Computational grids enable the sharing and aggregation of geographically distributed resources for solving large-scale and data intensive problems. In this project we propose the implementation of a software architecture for building component-based applications targeted for the computational processing of the portuguese language that can be executed in a computational grid.
The first task of the project is the definition of an architectural model for building grid-enabled component-based natural language engineering applications. The idea is to create a flexible application design environment, allowing disparate components to be combined to suit the overall application functionality.
Managing multi-component architectures is a challenging task and their complexity can be a serious hurdle when trying to bring together heterogeneous components. This problem occurs at various levels: from file-format handling or network-level communication to interaction between modules in a large application. The adopted model will be based on the work developed for the Galinha system (Matos, 2003) and on the architecture proposed by Hughes and Bird (2003).
The second task is the encapsulation of the re-usable components to comply with the requirements of the model defined in the previous task. Language engineering applications are constructed out of several processing components each responsible for a specialized task. Typical components include a phone segmenter, tagging, lexicon access, parsing, etc. These components are usually highly parameterized and some of them have to be trained on very large datasets. Discovering optimal parameterizations is both data and computationally intensive. In this task a set of pre-existing components will be adapted to the proposed framework.
The third task deals with the description and design of a multi-component application. Having a set of wrapped components we need to combine them to create a range of multi-component applications which can be executed over the distributed GRID infrastructure. A portal based approach will be used for application assembly.
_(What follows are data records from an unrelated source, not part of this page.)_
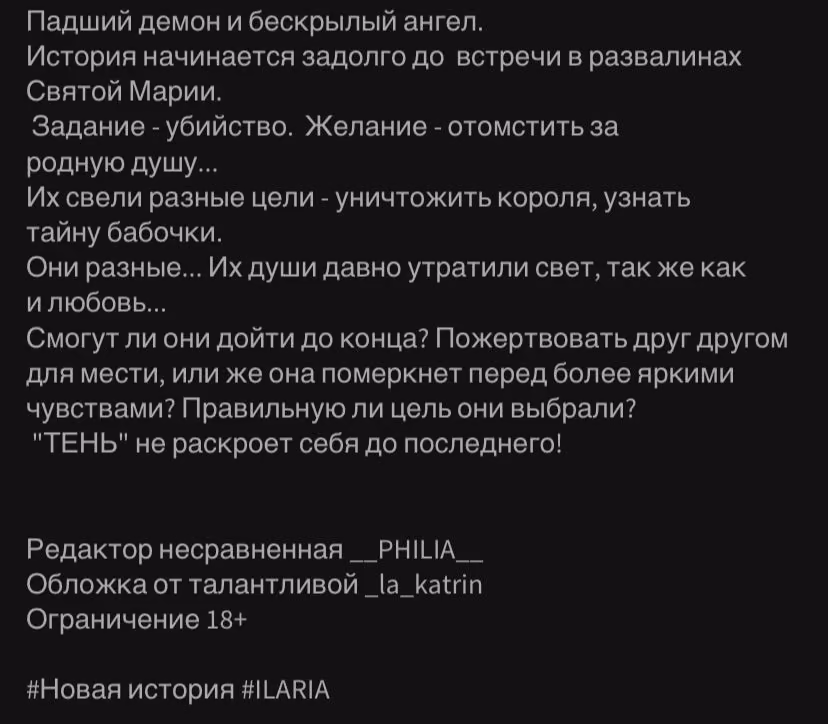 7c85ea908c3adb446eb600c390b10a39.jpg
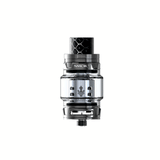 SMOK TFV12 Prince Tank | SMOK TFV12 Baby Prince Tank 8ml | wolfvapes - Wolfvapes.co.uk-GUN METAL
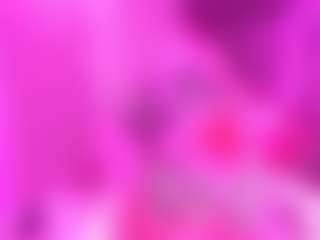 Katt Leya's Live Sex Cam Show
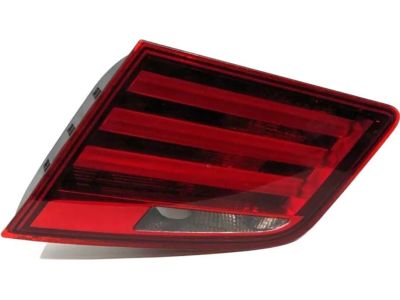 BMW 63217203226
The fourth task is the development of the interface to GRID services. We will adopt the approach provided by Globus (Globus Project, 2003). The Globus model identifies a distributed set of resources (the GRID) that the applications can use. We will also use a resource broker to manage the GRID interaction. The resource broker is responsible for the matchmaking between job requests and the distributed resources provided through the gatekeepers.
The final task is the evaluation of the proposed solution. A set of component-based applications will be selected to be used in experiments to evaluate the performance of the resulting system.
The main objective of this project is to create a framework for high performance NLE computing on a computational GRID by extending the structure of the Galinha system (Matos, 2003).
The Galinha system was developed by the Spoken Language Laboratory (L²F) of INESC-ID in an effort to simplify the creation of NLE applications: an application is built through a web interface by creating a service chain from a pool of re-usable components. The current version includes components for morphological analysis, part-of-speech disambiguation and syntatic analysis, etc. In this project we plan to also include modules for speech processing tasks.
In this project we will extend the Galinha architecture to include an interface to GRID services so that the components and data can be geographically and organizationally distributed. This requires a set of standard middleware protocols like the ones provided by the Globus toolkit to handle security, information discovery, resource and data management.